Introduction: Coconut Curry Mango Chicken With Curry Kale Chips
Runner Up in the
Curried spiced chicken simmered in a sauce of mango and coconut, served over a bed of rice with toasted cashews and garnished with 10-minute crunchy kale chips. This recipe is for those who like a little spice and looking for a comforting, flavorful meal.
Step 1: Ingredients, Let Me Break It Down.
For the Coconut Chicken Curry:
- 2-3 boneless skinless chicken breasts, cut into bite size cubes
- olive oil as needed (can substitute for coconut oil)
- 1/2 cup small diced yellow onion
- 1/2 cup small diced red bell pepper
- 1" knob ginger, peeled and minced
- 1 tablespoon curry powder, plus 1 1/2 teaspoons for chicken
- 1 teaspoon cumin
- 1 teaspoon ground coriander
- 1/2 teaspoon garlic salt, plus 1/2 teaspoon for chicken
- 1/4 teaspoon black pepper, plus 1/4 teaspoon for chicken
- 1/4 teaspoon cinnamon
- pinch red pepper flakes
- 1 cup of diced mango, divided
- 13 or 14 oz. can unsweetened coconut milk
For the Rice:
- 2 cups long grain rice
- water as needed
- 3 scallions (white parts only), thinly sliced
- 1/4 cup toasted cashews
For the Kale Chips:
- 4 cups kale, hand torn into chip size pieces
- spray bottle of coconut oil
- 1 1/2 teaspoon curry powder
- 1/2 teaspoon garlic salt
- small pinch red pepper flakes
Step 2: First Up, Chicken.
- Drizzle the chicken with a tablespoon of olive oil, the 1 1/2 teaspoon of curry powder, 1/2 teaspoon of garlic salt, and 1/4 teaspoon of black pepper. Mix and allow to marinate for 20 minutes.

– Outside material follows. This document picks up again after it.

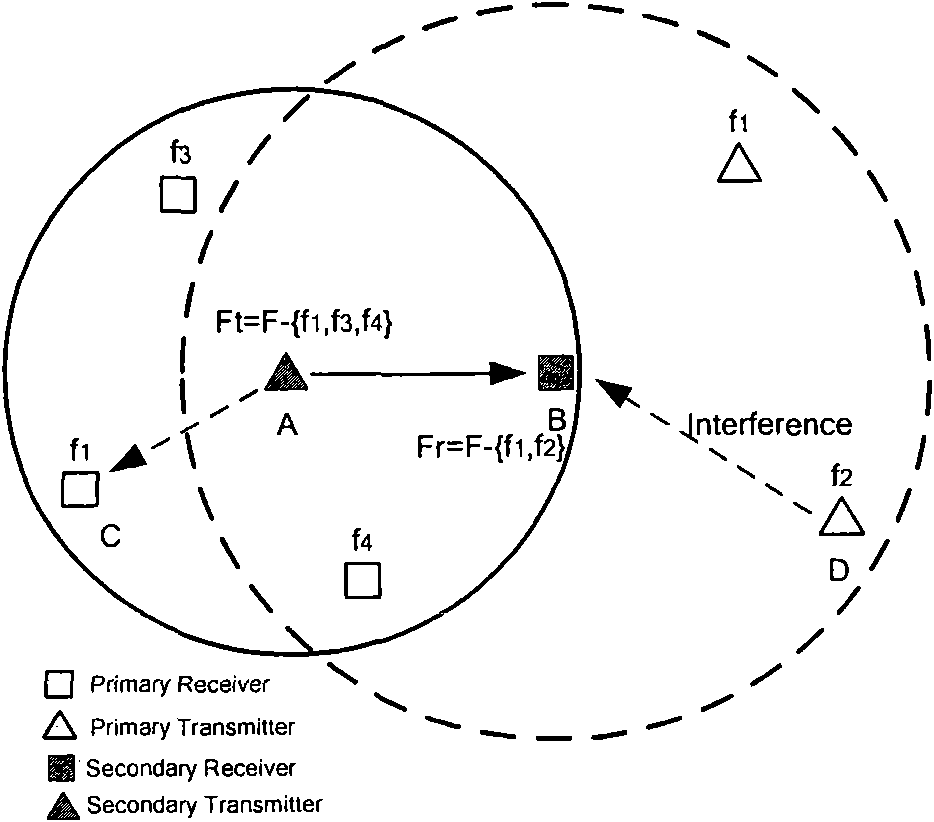 Spectrum distributing method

- Add two tablespoons of olive oil in a saute pan and heat over medium-high heat. Add the chicken and cook 10 minutes or until cooked through. Transfer to a plate and set aside until needed.

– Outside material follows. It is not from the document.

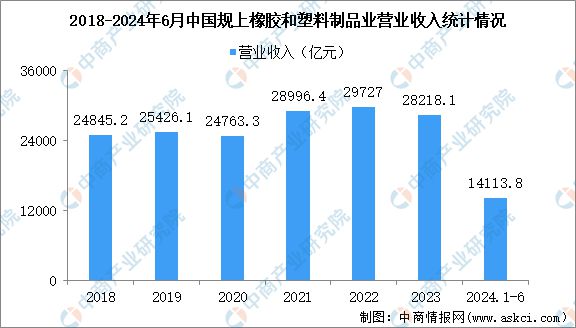 2必一体育024年中国户外用品产业链图谱研究分析（附产业链全景图）(图8)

- In the same pan, add the onions and bell pepper. If needed, add one more tablespoon of olive oil. Cook until soft and the onions are translucent, about 3 minutes.

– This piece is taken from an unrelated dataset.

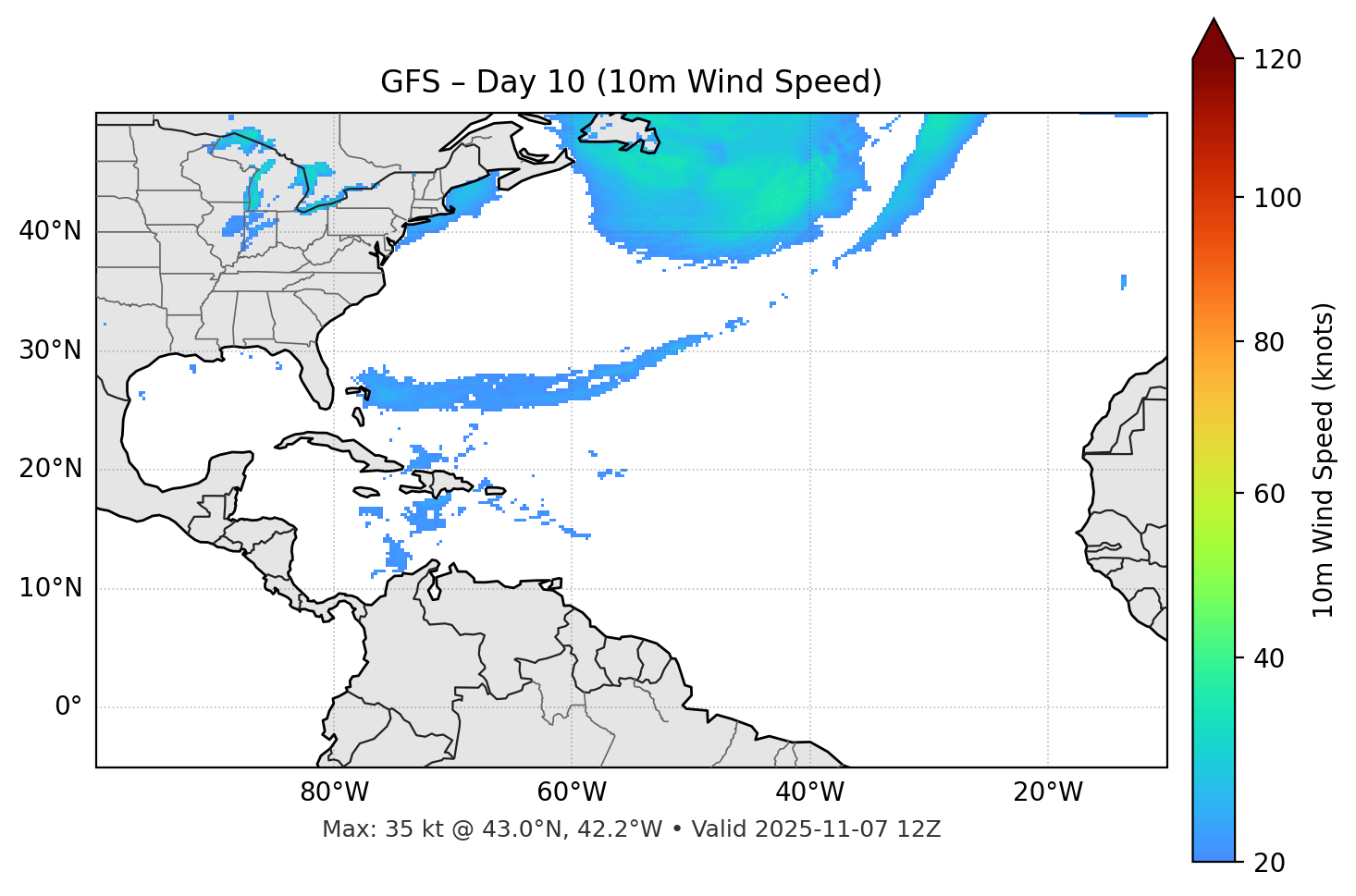 GFS - Day 10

- Add the ginger, garlic, and the seasonings. Cook until fragrant, another 1 minute. Add the coconut milk and 3/4 cup of diced mango. Allow to simmer for 2-3 minutes.
- Transfer the sauce to a blender and puree. See notes below! Add the sauce back to the pan and add the chicken. Keep at a low-heat until ready to serve.
Step 3: Scallion & Cashew Rice, Yes Please.
- Cook the rice according to package directions. Sprinkle with salt and pepper for flavor. Toss cooked rice with toasted cashews and sliced scallions. Set aside until needed.
Step 4: Kale Is Really Good, I Promise.
- Preheat oven to 425 degrees
- Wash the kale and dry in salad spinner. Lay on a baking sheet and spray with olive or coconut oil until all the chips have been glistened. You may need to cook in batches or use two trays.
- Mix together the curry, salt, and red pepper flakes and sprinkle evenly over the chips. Bake for 10-12 minutes, flipping half way through. Keep and eye out they can burn easily!
- They are finished when they are crisp to the touch.
Step 5: Okay You're Done...almost.
- Serve the curry over the rice with remaining diced mango and garnish with crunchy kale chips. If desired, add fresh cilantro, lime juice, or a dollop of sour cream.
Step 6: Now It's Crunch Time.
But, before you go run to the grocery store, here's a few tips:
1. Blending hot sauces can cause the blender to explode (too much steam builds up). Start very slow and gradually increase the speed until desired consistency is achieved.
2. Recipe calls for more chips than you need as they are so delicious you'll want some for snacking. Hopefully.